Another banned practice is guaranteeing a customer against loss and sharing the profits or losses with a customer. If a securities firm such as Yamaichi Securities recommended to its favored customers a purchase at 180 yen, it will buy the security back at that price and sell the block to Corporation C, with a promise to buy back the position at a later time.

Sources say that all of the major securities firms in Japan have been engaging in this practice for years, always shifting blocks of securities from place to place at prices far above the free market price in the hope that the Japan stock market will rebound and that all of these hidden losses will be of no moment. However, the Japan stock market has fallen from an all time high of around 39,000 yen in December, 1989 to its present level of around 16,000 yen and there is no longer much hope for a speedy recovery.

The accumulated losses which have been hidden by the practice of parking securities are now believed to amount to more than 100 trillion yen, or more than one million yen for every man, woman and child in Japan.

The prohibition against guaranteeing against loss and against sharing losses with a customer is one of the strictest rules of the New York Stock Exchange, of the NASD and of the SEC. Every year, several brokers are prosecuted in the US for even minor infractions of this rule. By contrast, nobody has ever been arrested in Japan for doing this, even though it is a crime in Japan as well and the Chairman of Yamaichi Securities admitted last week to having engaged in this practice.

Although the Government of Japan has assured investors that it will bail out the securities firms and accept the tearful apologies of the executives who have engaged in these illegal practices, sources believe that even the government of Japan does not have enough money to make good on this promise.

Meetings are continuing on a round-the-clock basis between officials of the Japan securities firms and government officials on how to contain and control this crisis.

The Chairman of Yamaichi Securities publicly apologized with tears in his eyes last week for his illegal acts. That was considered punishment enough by the ministry officials in Japan. No arrests have been made and it is clear that none will be, even though the Japanese firms have long engaged in practices which are illegal on a large scale. Rather, the belief is that the taxpayers of Japan and ultimately the world financial market will have to pay for the illegal acts committed in Japan.

Parking securities, "wash trading", guaranteeing against loss and sharing losses with customers were all specifically banned in the US by the Securities Act of 1933 and the Securities Exchange Act of 1934 in the aftermath of the 1929 stock market crash. They have continued to be commonly practiced in Japan.
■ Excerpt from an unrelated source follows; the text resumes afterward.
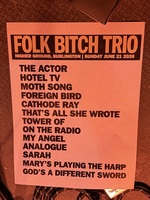 Folk Bitch Trio / Georgia Harmer on Jun 21, 2026 [408-small]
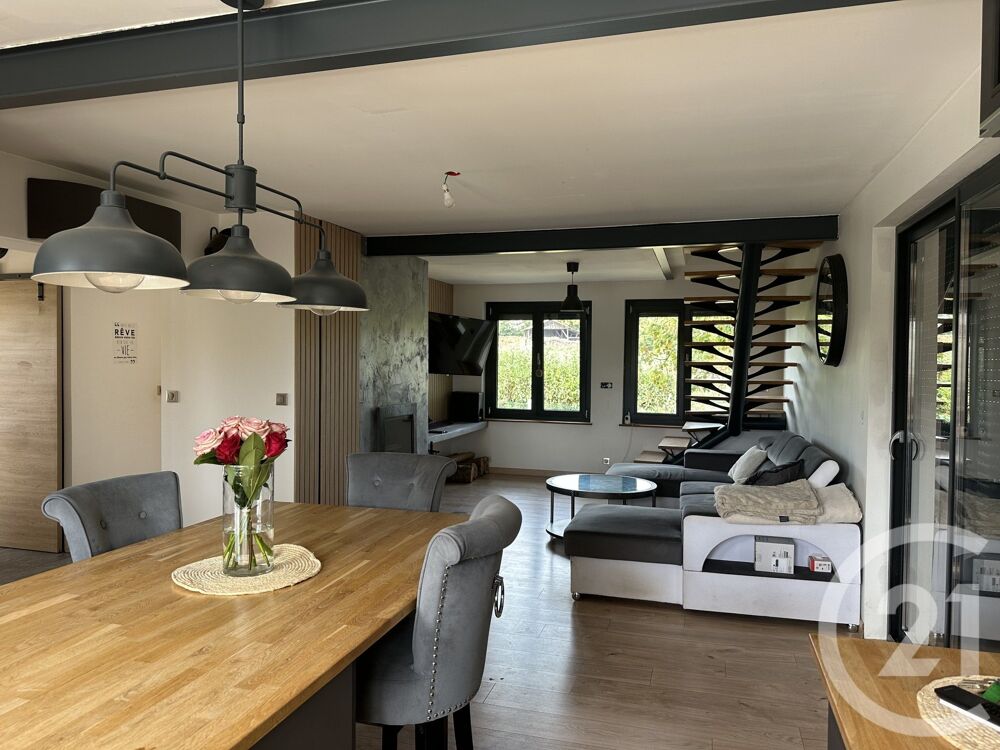 vente Maison - 4 pièce(s) - 203 m² Boulleret (18240)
Not only has the government of Japan shown no inclination to prosecute those engaged in these illegal practices, but, on Thursday, representatives of the three largest US securities firms with offices in Japan were called into the Japanese Securities Exchange and Surveillance Commission and asked to explain their trading in shares of Japanese financial institutions. The US firms under investigation are Merrill, Lynch, Japan, Goldman, Sachs (Japan) and Morgan Stanley (Japan).

Since Yamaichi, Nomura, Daiwa and Nikko Securities are all members of the New York Stock Exchange and are so registered under US Securities laws, and since the top officials of those firms all signed agreements to abide by US Securities laws, there is speculation that they could all be extradited to the US and sentenced to long terms in prison in America, since their practices are clearly illegal under US law and have a severe adverse effect on US financial markets. Whether President Clinton will be prepared to extradite the Yamaichi Chairman and lock him up in the same prison cell with Noreiga is problematic, however.